An exact copy of the lines of the listing below between the "Slide: The Image" line and the "Czwórka dzieci ubrana" line, both included, is the whole answer; please omit the pictures.

- _Stored data_
________________________

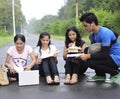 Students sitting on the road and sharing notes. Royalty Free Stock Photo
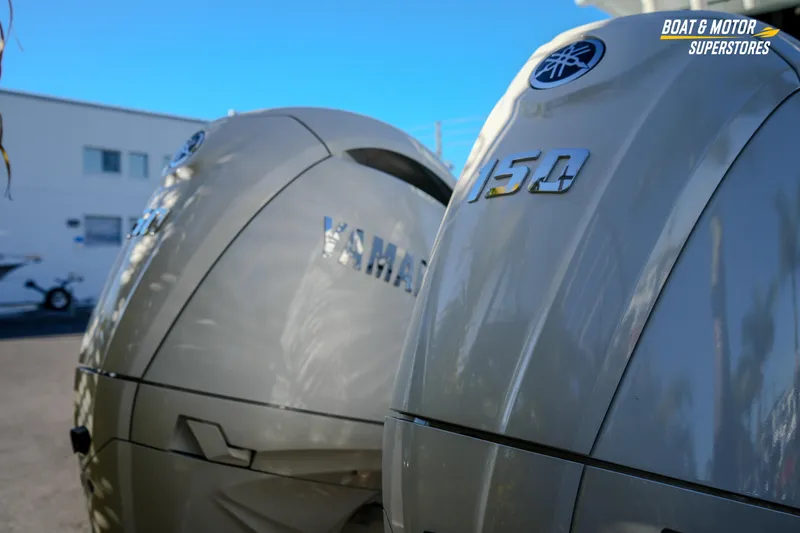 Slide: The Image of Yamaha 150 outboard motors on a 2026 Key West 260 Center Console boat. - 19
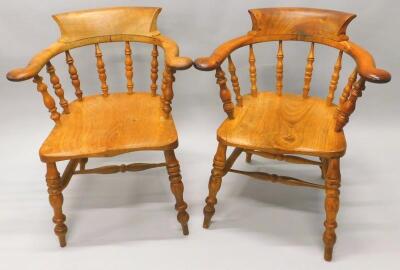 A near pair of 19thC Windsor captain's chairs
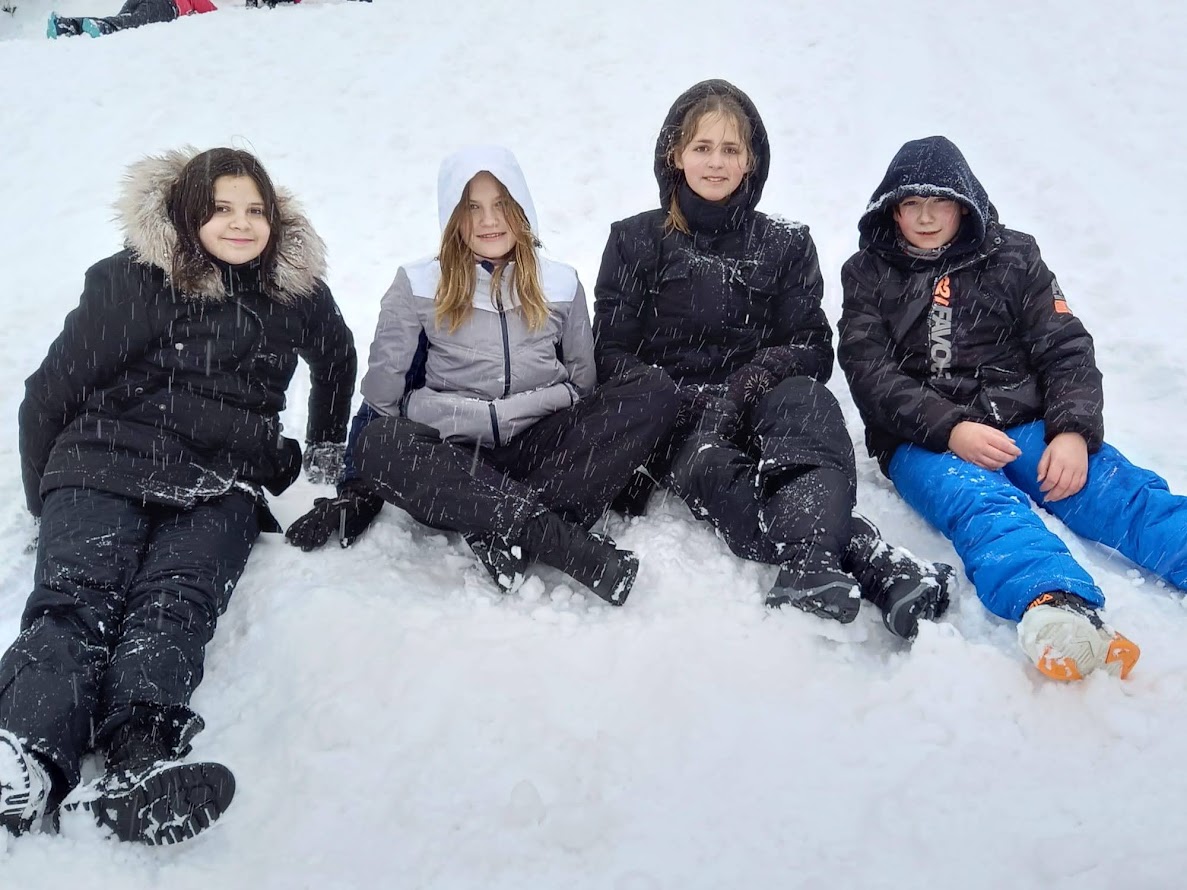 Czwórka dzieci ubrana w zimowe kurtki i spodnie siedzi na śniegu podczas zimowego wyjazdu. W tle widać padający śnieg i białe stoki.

________________________

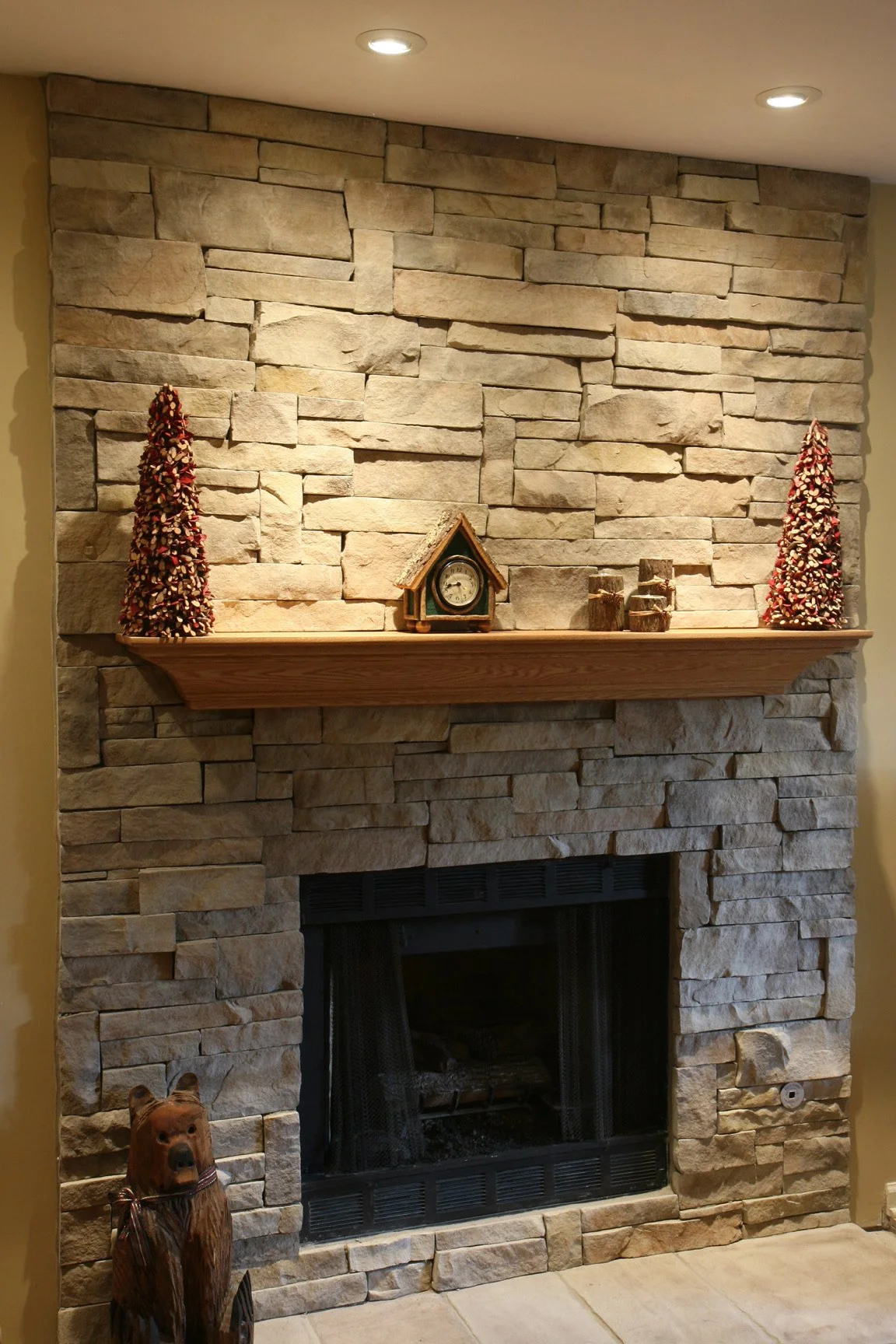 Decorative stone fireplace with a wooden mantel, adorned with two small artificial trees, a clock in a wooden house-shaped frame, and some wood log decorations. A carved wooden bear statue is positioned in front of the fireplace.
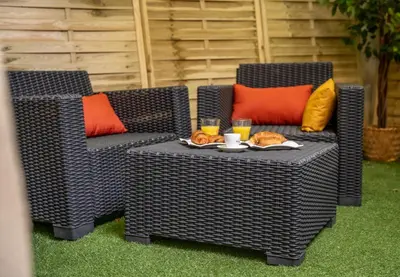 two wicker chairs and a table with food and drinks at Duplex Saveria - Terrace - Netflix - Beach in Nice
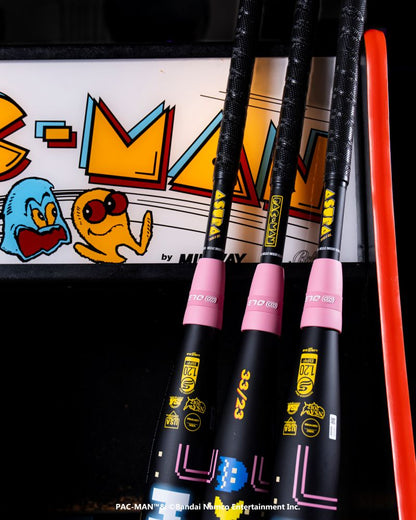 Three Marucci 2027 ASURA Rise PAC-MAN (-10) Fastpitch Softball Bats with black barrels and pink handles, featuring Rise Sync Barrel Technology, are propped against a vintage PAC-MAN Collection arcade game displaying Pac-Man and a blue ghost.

________________________

- _Response to the exercise_
 Slide: The Image of Yamaha 150 outboard motors on a 2026 Key West 260 Center Console boat. - 19
 A near pair of 19thC Windsor captain's chairs
 Czwórka dzieci ubrana w zimowe kurtki i spodnie siedzi na śniegu podczas zimowego wyjazdu. W tle widać padający śnieg i białe stoki.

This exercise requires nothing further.